▶ [Requirement]
Nothing outside the range below should be printed. Output exactly the lines from the line with "Pair of sconces" to the line with "trendy gemeubeld appartement", both included.

▶ [Data to examine]
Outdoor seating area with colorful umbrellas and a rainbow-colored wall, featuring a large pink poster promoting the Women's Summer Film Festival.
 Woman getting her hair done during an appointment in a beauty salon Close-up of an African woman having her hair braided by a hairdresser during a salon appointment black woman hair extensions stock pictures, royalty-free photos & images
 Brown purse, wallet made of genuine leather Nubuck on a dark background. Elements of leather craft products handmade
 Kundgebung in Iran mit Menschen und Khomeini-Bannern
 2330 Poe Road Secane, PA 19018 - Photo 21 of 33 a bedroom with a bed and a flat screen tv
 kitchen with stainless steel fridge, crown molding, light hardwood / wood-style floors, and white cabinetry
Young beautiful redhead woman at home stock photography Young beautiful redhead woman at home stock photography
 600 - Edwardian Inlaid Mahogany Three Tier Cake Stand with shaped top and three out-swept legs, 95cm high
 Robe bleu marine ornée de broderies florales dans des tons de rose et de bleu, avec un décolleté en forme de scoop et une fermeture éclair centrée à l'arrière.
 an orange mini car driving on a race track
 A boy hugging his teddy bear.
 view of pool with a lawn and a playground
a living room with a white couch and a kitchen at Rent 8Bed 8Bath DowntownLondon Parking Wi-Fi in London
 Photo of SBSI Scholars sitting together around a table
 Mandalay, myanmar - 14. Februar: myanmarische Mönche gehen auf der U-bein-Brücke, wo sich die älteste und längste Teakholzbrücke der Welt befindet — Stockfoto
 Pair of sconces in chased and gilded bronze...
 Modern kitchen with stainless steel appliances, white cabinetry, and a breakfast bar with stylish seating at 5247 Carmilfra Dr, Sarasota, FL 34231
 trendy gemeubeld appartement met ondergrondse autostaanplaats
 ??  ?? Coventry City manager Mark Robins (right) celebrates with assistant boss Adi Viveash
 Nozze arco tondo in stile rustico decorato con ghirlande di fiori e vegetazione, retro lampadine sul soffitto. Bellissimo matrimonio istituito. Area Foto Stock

▶ [Solution]
 Pair of sconces in chased and gilded bronze...
 Modern kitchen with stainless steel appliances, white cabinetry, and a breakfast bar with stylish seating at 5247 Carmilfra Dr, Sarasota, FL 34231
 trendy gemeubeld appartement met ondergrondse autostaanplaats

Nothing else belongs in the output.